24. Friday, May 20: Finished B & B chapter. Started with matchings in general graphs
25. Monday, May 23: Augmenting paths for matchings
26. Wednesday, May 25: Contracting M-blossoms
27. Friday, May 27: Finished chapter on matchings in non-bipartite graphs. Started chapter on Knapsack problem
28. Monday, May 30: NO CLASS --- MEMORIAL DAY
29. Wednesday, June 1: A dynamic program for Knapsack. A (1-epsilon)-approximation algorithm for Knapsack
30. Friday, June 3: OFFICE HOUR IN JHN175
    

Problem sets

• Homework 1. Due: Friday, April 8, 11pm on GradeScope.
• Homework 2. Due: Friday, April 15, 11pm on GradeScope.
• Homework 3. Due: Friday, April 22, 11pm on GradeScope.
• Homework 4. Due: Friday, April 29, 11pm on GradeScope.
• Homework 5. Due: Friday, May 13, 11pm on GradeScope.
• Homework 6. Due: Friday, May 20, 11pm on GradeScope.
• Homework 7. Due: Friday, May 27, 11pm on GradeScope.
• Homework 8. Due: Friday, June 3, 11pm on GradeScope.
  

Midterm exam

• Wednesday, May 4, 2022, in class, i.e. 12:30-1:20pm in JHN 175. You may bring one sheet of notes (printed on one side or handwritten on both sides).

Final exam

• Thursday, June 9, 2022, 8:30am - 10:20am in JHN 175. You may bring one sheet of notes (printed on one side or handwritten on both sides).

Text books

• "Combinatorial Optimization" by Cook, Cunningham,Pulleyblank, Schrijver: Contains most topics that are also covered in class (plus many more). A very readable, though quite expensive book.
  
• "Computational complexity" by Arora and Barak: State of the art book for complexity theory. From the topics covered in class, this book contains only the small complexity part. A preliminary version is available for free here.

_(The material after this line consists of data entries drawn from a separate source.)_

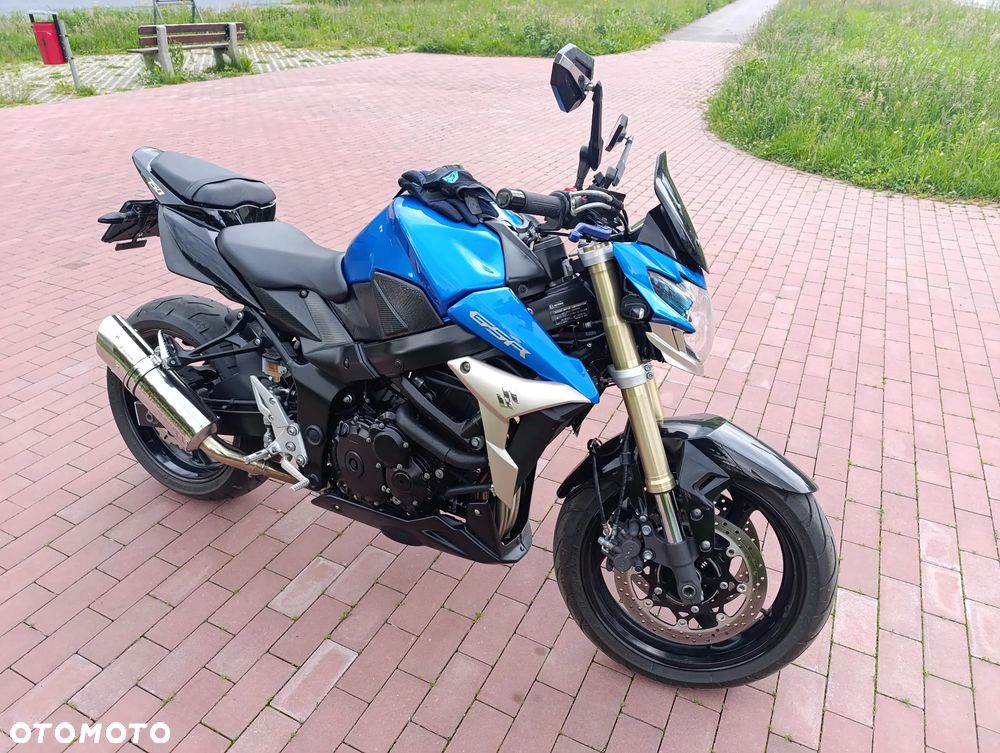 Suzuki GSR - 2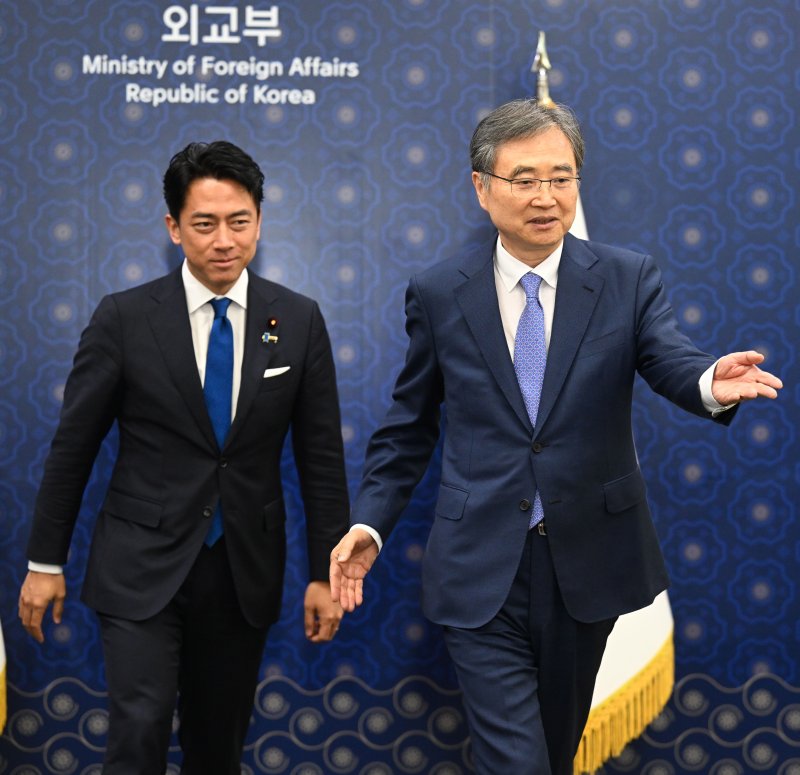 조현 외교부 장관(오른쪽)이 11일 서울 종로구 외교부 대접견실에서 고이즈미 신지로 일본 농림수산상과 이동하고 있다. 뉴시스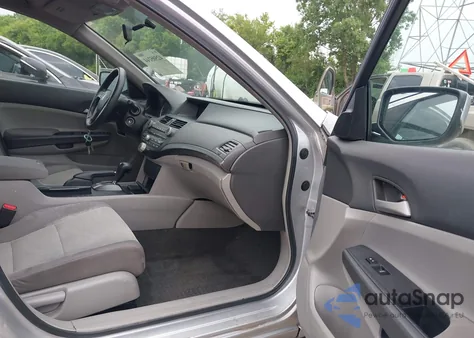 2009 Honda Accord 2.4 Lx-P из США, поврежденный, VIN 1HGCP26469A176977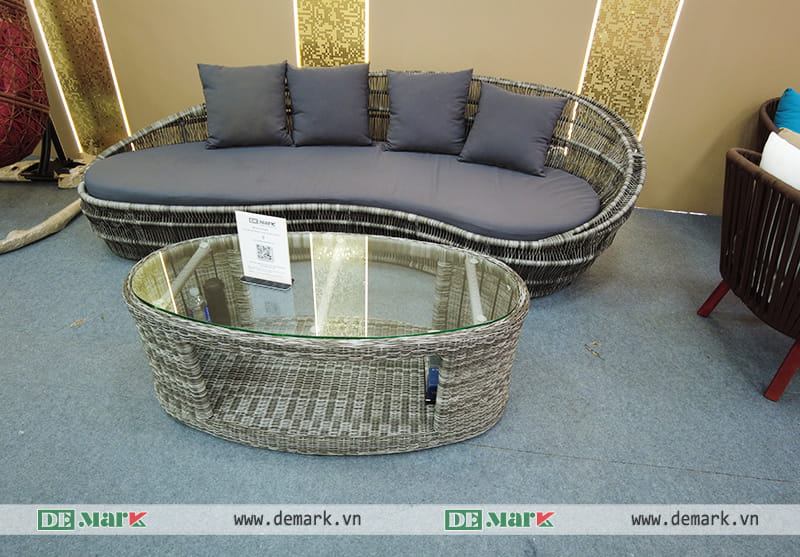 Sofa, bàn ghế và nội thất ngoài trời Demark được trưng bày tại Vietbuild 2026.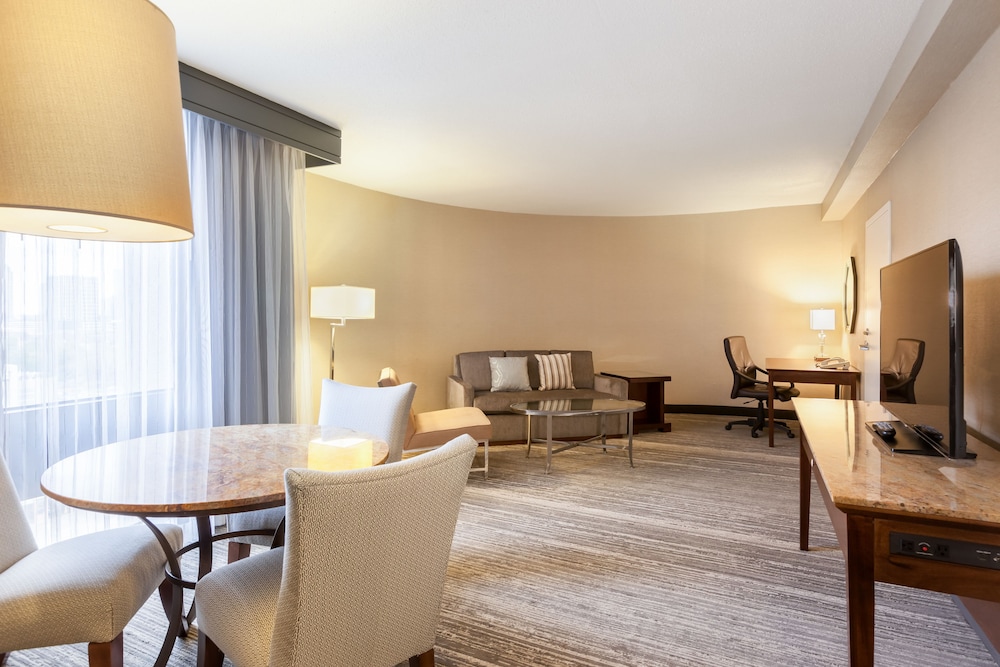 DoubleTree by Hilton Hotel & Suites Houston by the Galleria - photo 31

Corrections to the lecture notes (since the March 23 version)

• Chapter 1: Def spanning tree: Added that T is subgraph of G. Def directed graph: Added "i != j". Number of tours in a complete undirected graph is 1/2*(n-1)! and not (n-1)! For Stirling approximation replaced 2^.. by e^.. For TSP added n >= 3.
  
• Chapter 2: Before Lemma 3: replaced "more than 2 paths" -> "more than one path"
  
• Chapter 3: Expanded the alternative exposition of the correctness proof of Dijkstra's algorithm. Lemma 16: some "paths" are "walks" and a "cycle" is a "closed walk" . Also cleaned up what n means in this context. Added footnote to Dijkstra and MBF correctness covering the case that some node is not reachable from s.
  
• Chapter 4: Lemma 21: added ``gamma >= 0''. In Def of flow augmentation need to change f(e^-1) instead of f(e) for backward edges. Replaced the proof that augmenting flow along P indeed gives a feasible s-t flow. Removed the (t,a) edge in the example. In correctness proof of Edmonds-Karp, one index i' changed to i.
• Chapter 5. Replace $x = A_I^{-1}x$ by $x = A_I^{-1}b_I$ in description of simplex. Cleaned up other linear algebra expressions in the simplex section. Replaced "circuit" by "cycle". Fixed the example 2-dim. LP.
• Chapter 6. Added detail in TU'ness of matrices with consecutive-ones property. Cor 56 b) label should be c)
  
• Chapter 7. First constraint in B & B example should be -4x_1 + 6x_2 <= 9 instead of -x_1 + 6x_2 <= 9
• Chapter 8. Added condition to Def of M-flower. Some smaller tweaks throughout the chapter. In Lemma 72+73 added that B should be M-blossom (was only implicit before). Expanded proof of Lemma 73 and added two figures.